◆ **What you have to do**:
For this exercise, output the entries below exactly from the line that holds "RedDoorz Plus near RS Fatmawati 2" to the line that holds "Кнопка аварійного сигналу", both ends included. No pictures belong in the copy.

◆ **Records for this task**:
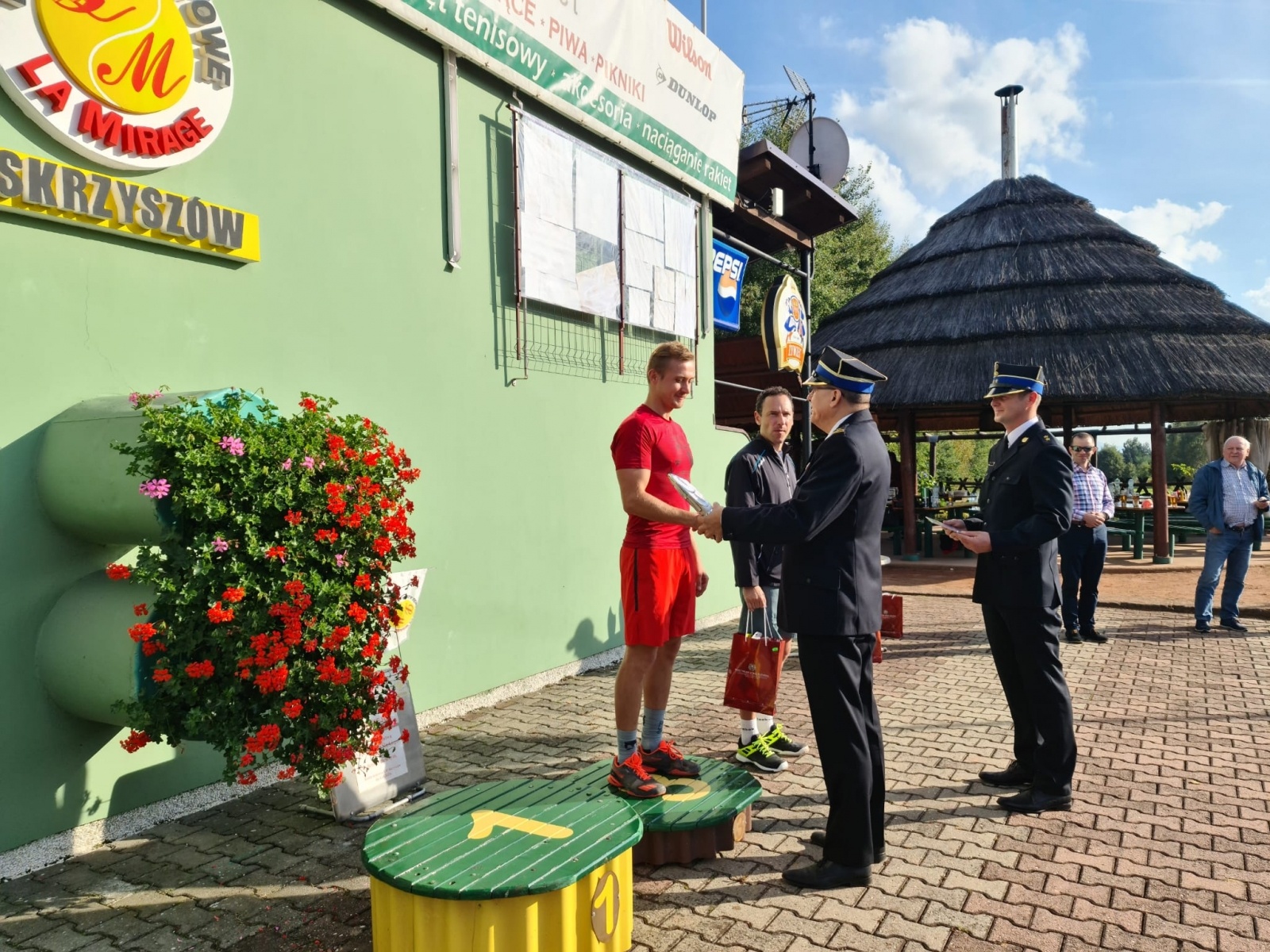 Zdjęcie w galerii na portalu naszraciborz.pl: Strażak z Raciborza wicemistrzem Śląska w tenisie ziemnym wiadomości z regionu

--

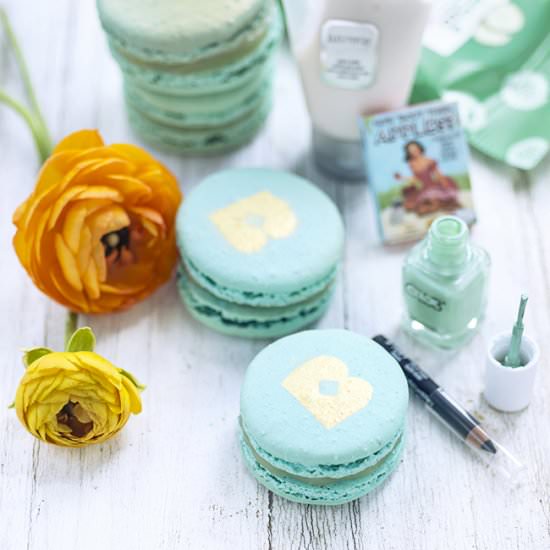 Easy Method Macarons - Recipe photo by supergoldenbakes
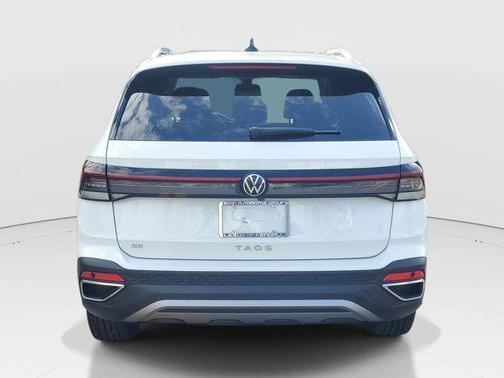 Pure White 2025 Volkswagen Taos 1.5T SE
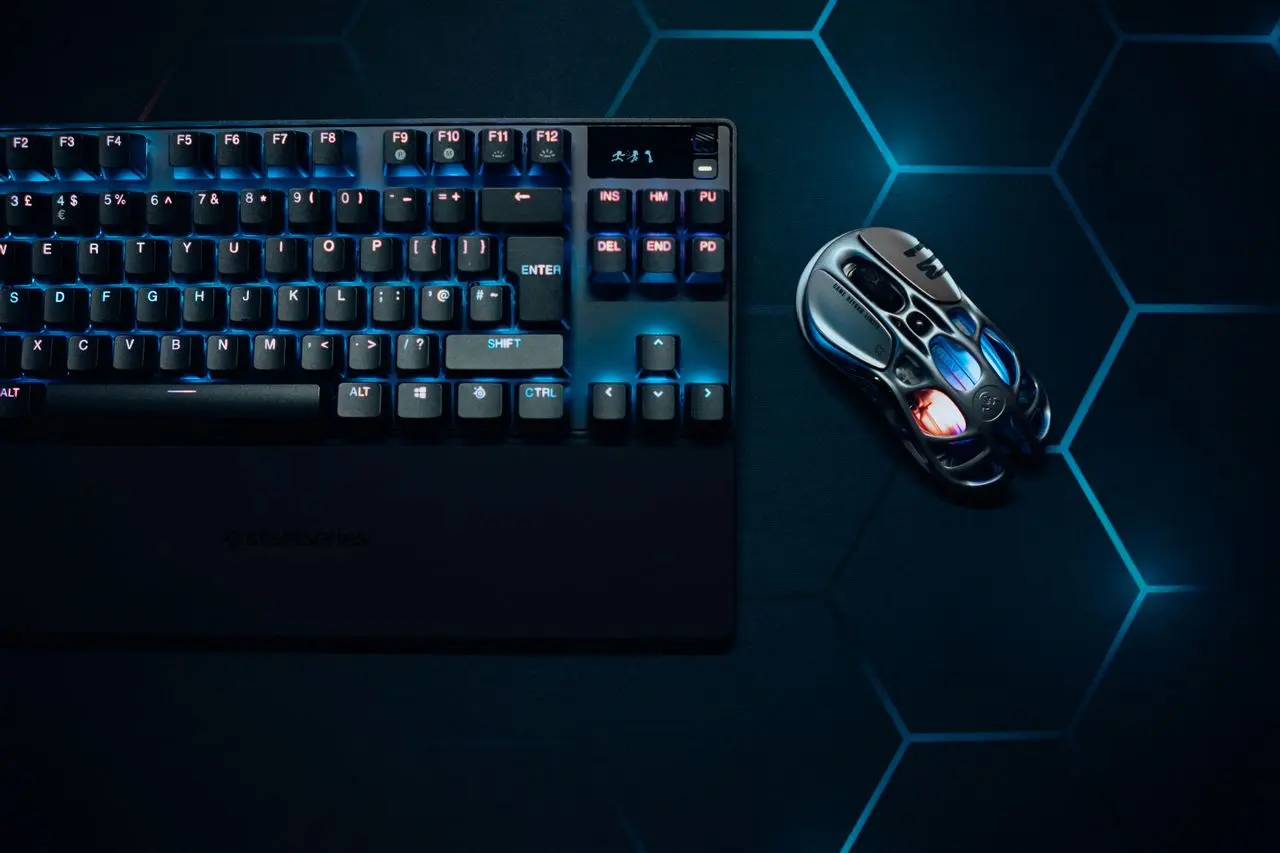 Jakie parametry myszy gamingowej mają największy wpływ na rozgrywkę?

---

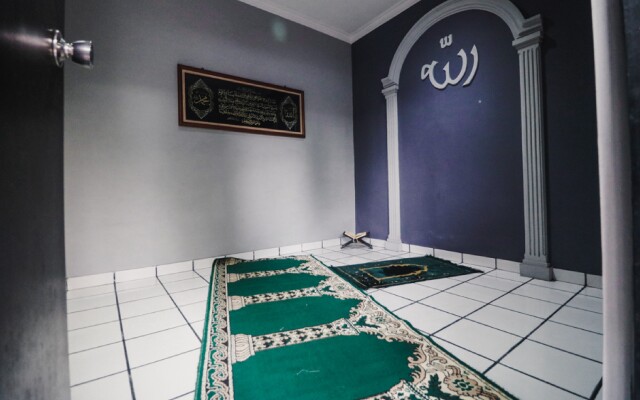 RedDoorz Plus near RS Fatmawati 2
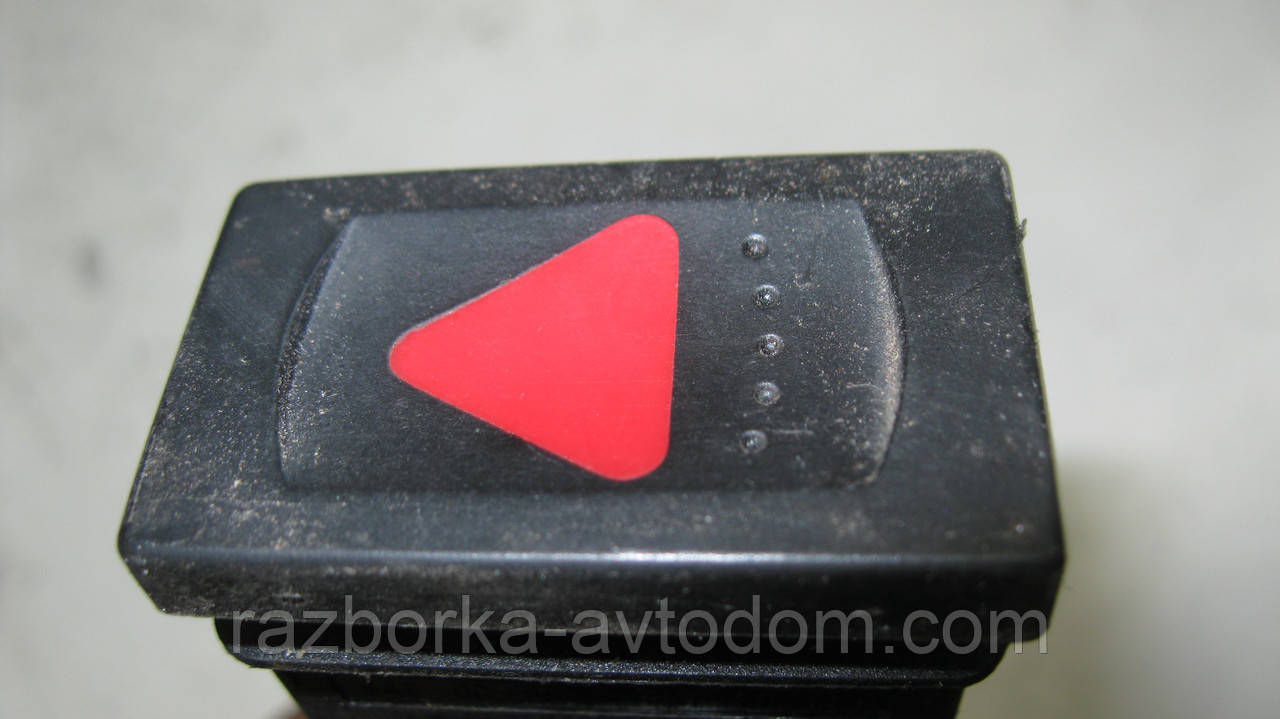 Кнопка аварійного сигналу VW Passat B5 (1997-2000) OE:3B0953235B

◆ **Response to the task**:
 RedDoorz Plus near RS Fatmawati 2
 Кнопка аварійного сигналу VW Passat B5 (1997-2000) OE:3B0953235B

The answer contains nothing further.